In release 20200930, the situation is improved with better support for the semidefinite cone in BMIBNB, and a completely different approach is used to achieve this. Instead of relying on external (non-existent) nonlinear SDP solvers, the machinery for the upper bound problem is based on a nonlinear cutting plane strategy using your standard favorite nonlinear solver. Will this work on any problem? Absolutely not. Will it work on most problems? No. A cutting plane strategy performs pretty badly already in the linear SDP case, but you might be lucky though, and this is work in progress.

Suitable background

To avoid repetition of general concepts, you are recommended to read the post on CUTSDP where cutting planes are used for the linear semidefinite cone in a different context. You are also adviced to read the general posts on global optimization and envelope generation to understand how a spatial branch & bound solver works.

The strategy

Having read the recommended articles, you know that BMIBNB needs three central components: A lower bound solver which solves a convex typically linear relaxation of the problem, an upper bound solver which tries to solve the original nonlinear problem starting from some suitably selected starting-point (typically some combination of the center of the currently investigated box and the solution to the lower bound problem), and a large collection of tricks to perform bound propagation to make it work in practice.

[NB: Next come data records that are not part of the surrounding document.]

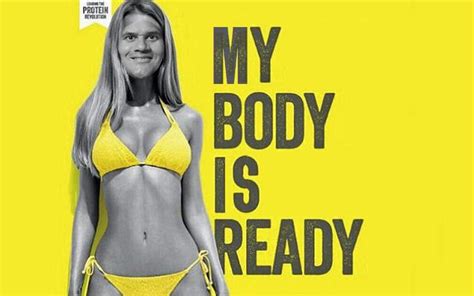 My Body Is Ready Protein World S Beach Body Ready Ad Know Your Meme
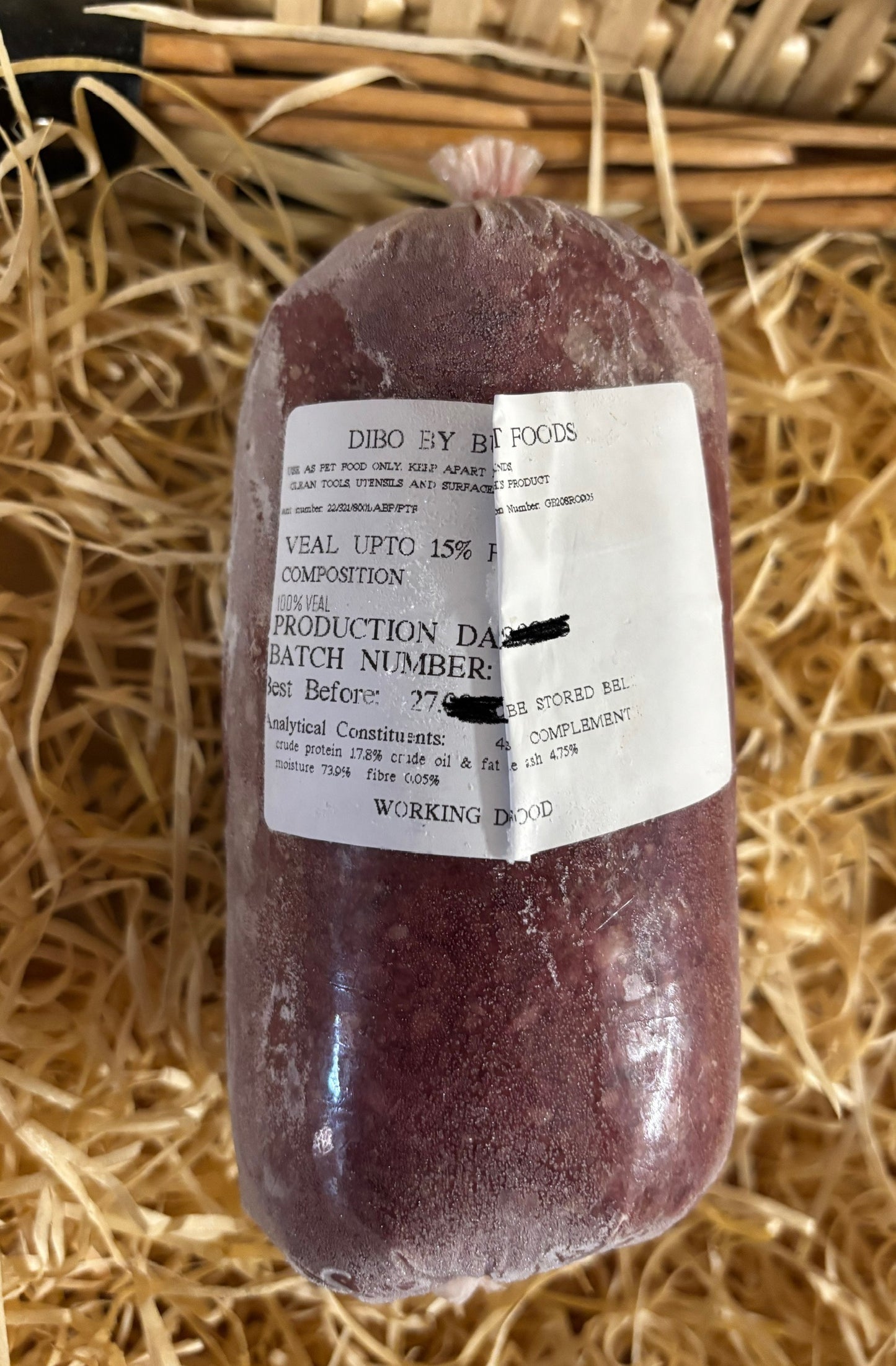 Dibo by Bulmer Veal Mince. Single Protein Complimentary Mince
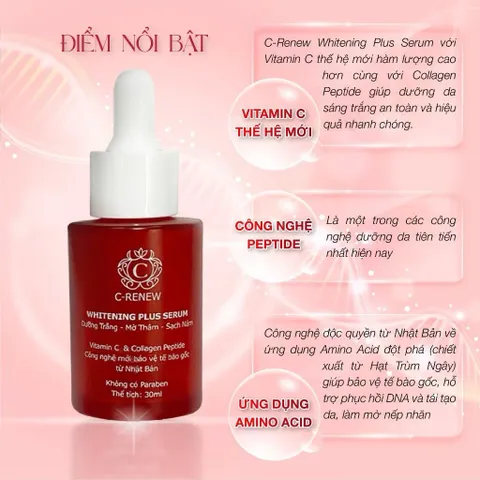 Serum Dưỡng Trắng Mờ Thâm Sạch Nám C-Renew Whitenting Plus Với Vitamin C,Collagen Peptide (Date cận) 866294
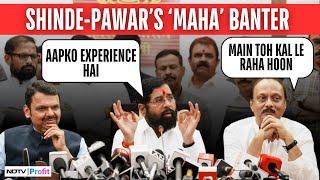 Watch: Eknath Shinde & Ajit Pawar's Press Conference Banter Is Viral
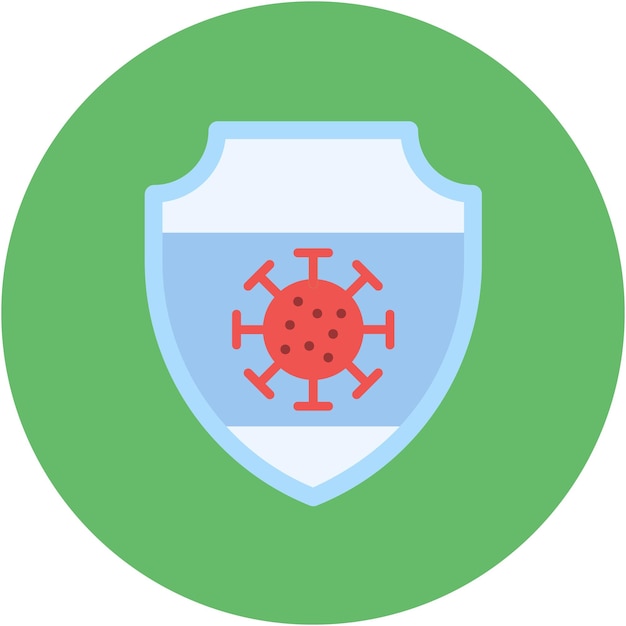 Vector antivirus vector illustration style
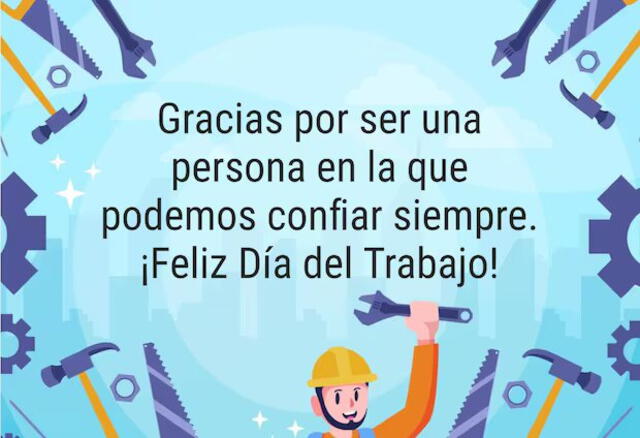 Envía las mejores imágenes por el Día del Trabajador. Foto: Pinterest   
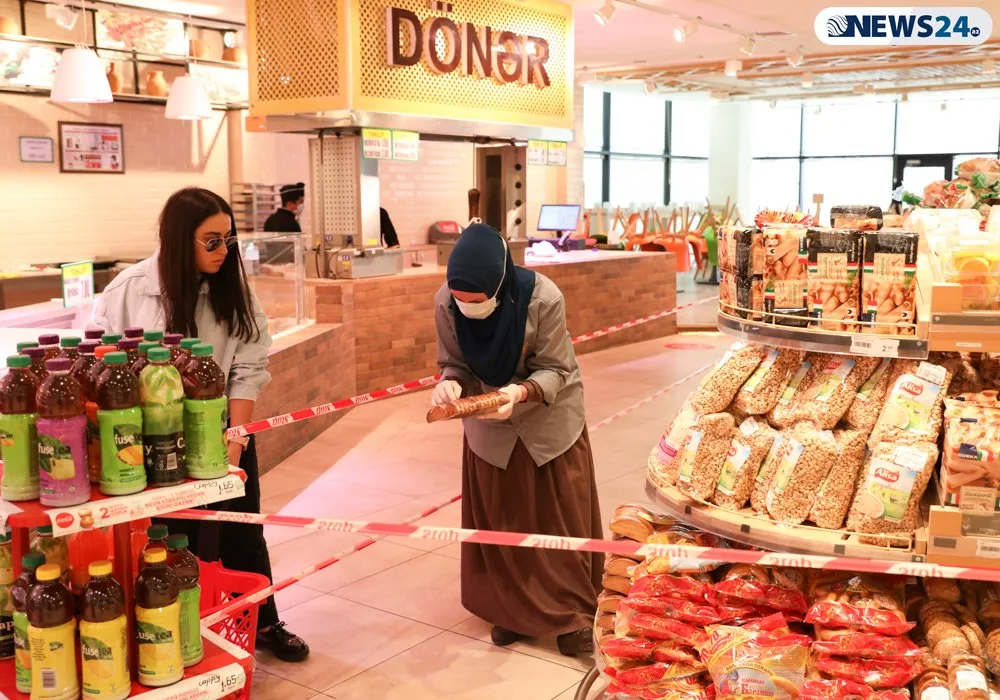 Bakının koronaviruslu halı - VİDEOREPORTAJ - FOTOLAR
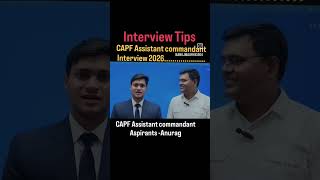 CAPF Assistant commandant Interview tips #nda #viral #ytshorts #yt #trending #upsc #guidance #upsc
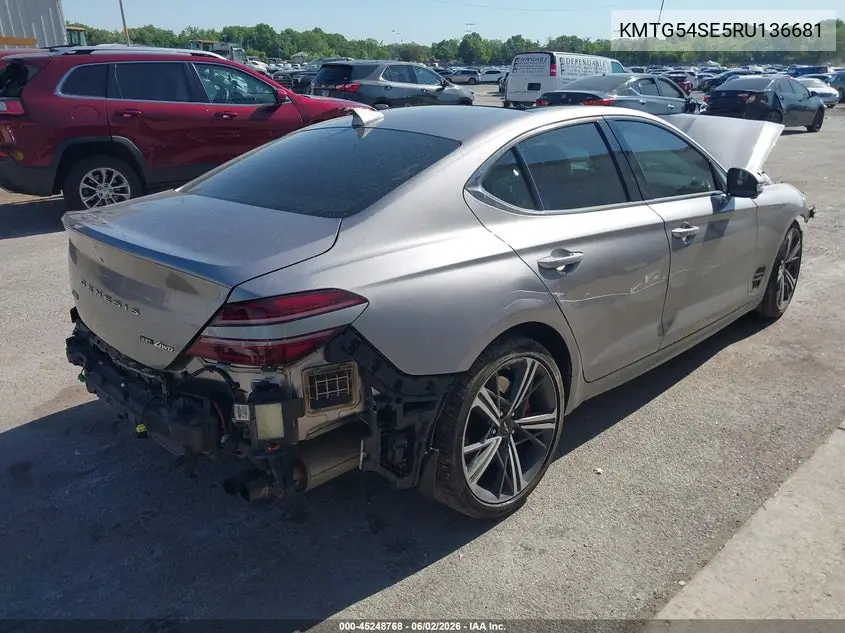 2024 Genesis G70 3.3T Awd Sport Advanced VIN: KMTG54SE5RU136681 Lot: 45248768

The lower bound problem does not pose any particular problem when we add a semidefinite cone to the model. After relaxing nonlinearities all we have to do is to solve a linear semidefinte program, which we have a plethora of solvers for. Hence, the only difference is that we swtich from a linear programming based lower bound (or more generally a quadratic or second-order cone programming solver) to a linear semidefinite programming solver. All bound propagation tricks applies also when there are semi-definite cones in model, and do not pose any complication either (on the contrary as a more general class of relaxations allows us to add more tricks).

The upper bound is the issue. While there are many solvers available for standard nonlinear programming, this is not the case for nonlinear programming involving semidefinite cones. In principle, if our nonlinear model has a semidefinite constraint \(G(x) \succeq 0\), possibly nonlinear, we can view this as \(v^TG(x)v \geq 0~\forall v\). Hence, by simply adding an infinite number of scalar constraints, we can mimic the semidefinite constraint and solve the upper bound problem using a standard nonlinear solver. There is really nothing different conceptually to such a cutting plane approach compared to the linear case. Of course, this is not practical nor possible in reality.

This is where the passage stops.